Bland, L. M., Collen, B., Orme, C. D. L. and Bielby, J. (2015), Predicting the conservation status of data-deficient species. Conservation Biology, 29: 250–259. doi: 10.1111/cobi.12372


One-sixth of the >65,000 species assessed by the IUCN are classified as data deficient (DD) due to a lack of information on taxonomy, geographic distribution, population status, or threats. Field surveys of DD species is not feasible, but large amounts of life history, ecological, and phylogenetic information are available can be combined for a comparative study of extinction risk based on species trait data.

The authors address the following questions:

  1. What are the relative abilities of 7 different ML methods (classification trees, random forests, boosted trees, k nearest neighbors, support vector machines, neural networks, and decision stumps) to predict extinction risk in terrestrial mammals?

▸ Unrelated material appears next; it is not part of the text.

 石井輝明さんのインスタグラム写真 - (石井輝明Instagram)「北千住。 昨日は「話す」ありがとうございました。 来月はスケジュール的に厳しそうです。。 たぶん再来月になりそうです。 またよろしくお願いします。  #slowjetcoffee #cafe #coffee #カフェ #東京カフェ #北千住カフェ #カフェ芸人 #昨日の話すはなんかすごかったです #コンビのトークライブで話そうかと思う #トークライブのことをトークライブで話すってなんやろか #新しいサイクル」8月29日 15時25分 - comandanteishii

Random forests, boosted trees, support vector machines, and neural networks performed particularly well. Classification trees and k nearest neighbors performed relatively poor.

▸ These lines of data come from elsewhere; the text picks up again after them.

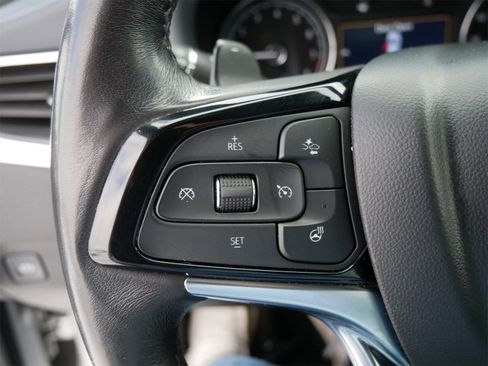 Used 2022 Buick Enclave Essence w/ Sport Touring Edition image 27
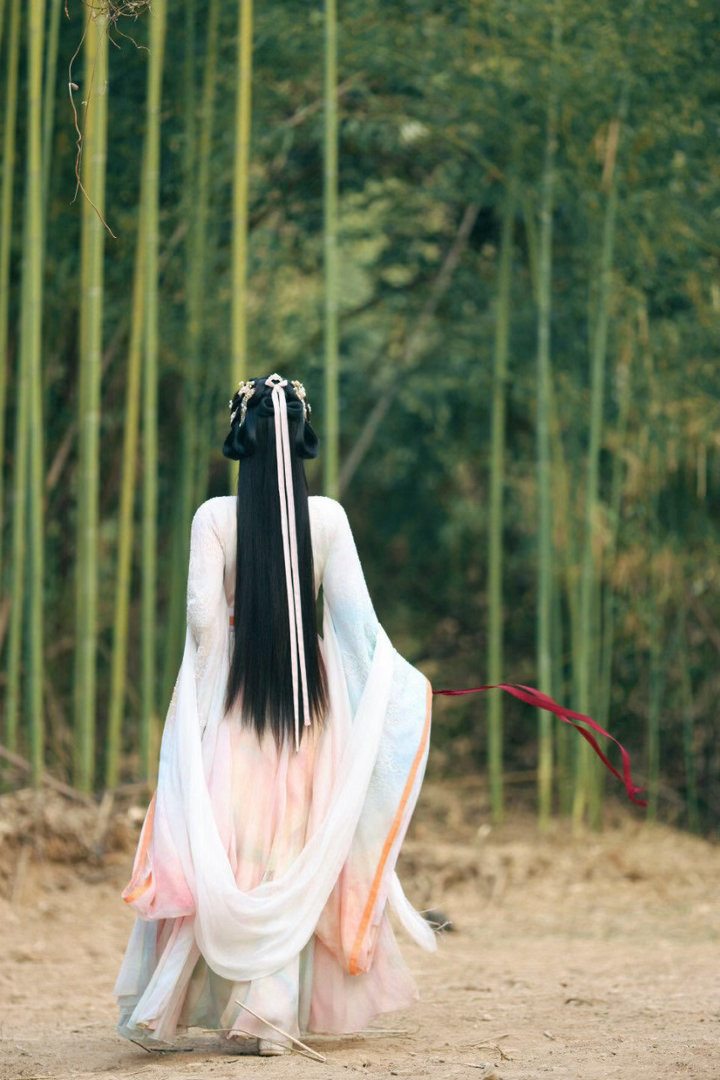 热巴贺思慕解锁色感新体验迪丽热巴贺思慕第一次看到颜色 这一幕的热巴太美了。色感交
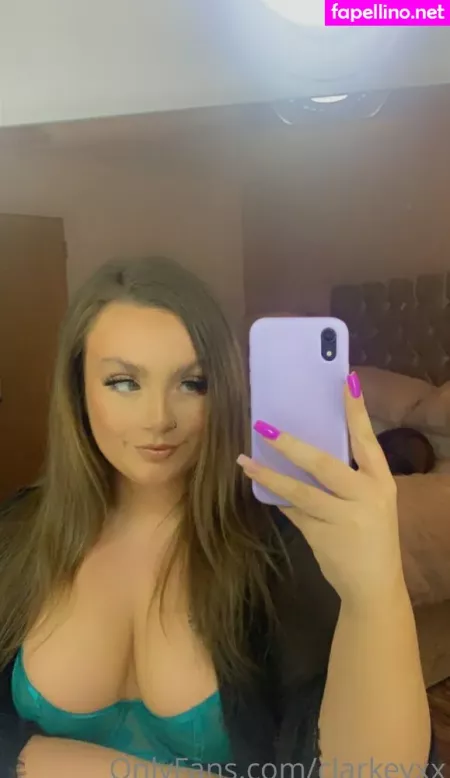 Clarkeyxx OnlyFans Thumbnail #kLJgYsEi6y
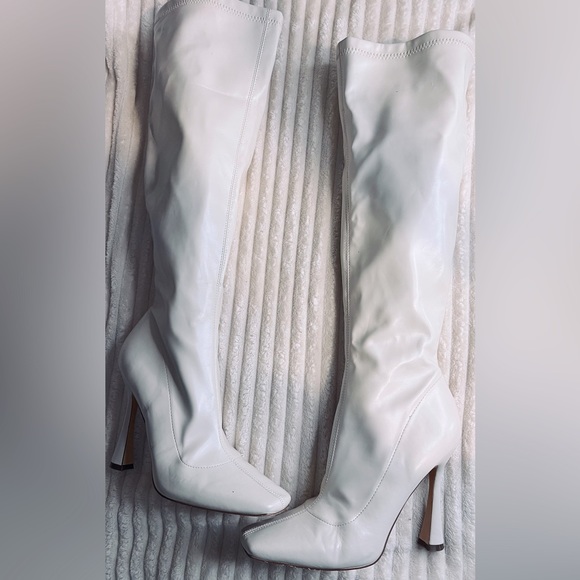 🔥FOREVER 21🔥 Cream Over the Knee boot - Picture 8 of 8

  1. How accurately can those methods predict current geographical patterns of extinction risk?

The presented models were less likely to assign narrow-ranging non-threatened species and wide-ranging threatened species to their correct status.

  1. Using the models obtained, what is the predicted level of extinction risk faced by DD species?

313 of 493 (63.5%) of DD species are predicted as threatened, this increases the global proportion of threatened terrestrial mammals from 22% to 27%.

  1. How do our findings change current geographical patterns of extinction risk for terrestrial mammals?

Not really

Methods: The authors collated a database of 4461 terrestrial mammals classed as either non-threatened, threatened, vulnerable, endangered, critically endangered or data deficient. Additionally,  life history traits biogeographic distribution and habitat suitability were collected for each mammal. ML models (to predict threatened/non-threatened status) were developed using all mammals, along with separate models of rodents, bats, primates, and carnivores to explore the taxonomic transferability of ML predictive accuracy. Highly correlated and low variance variables were removed before fitting any models.  The training/testing (75/25) data set did not include any DD species. All models were tuned to maximize AUC values.  The Youden index was used to set the probability threshold to distinguish between the two classes. Predicted (from the best global ML) threatened species’ range maps were then compared to current global patterns of extinction risk.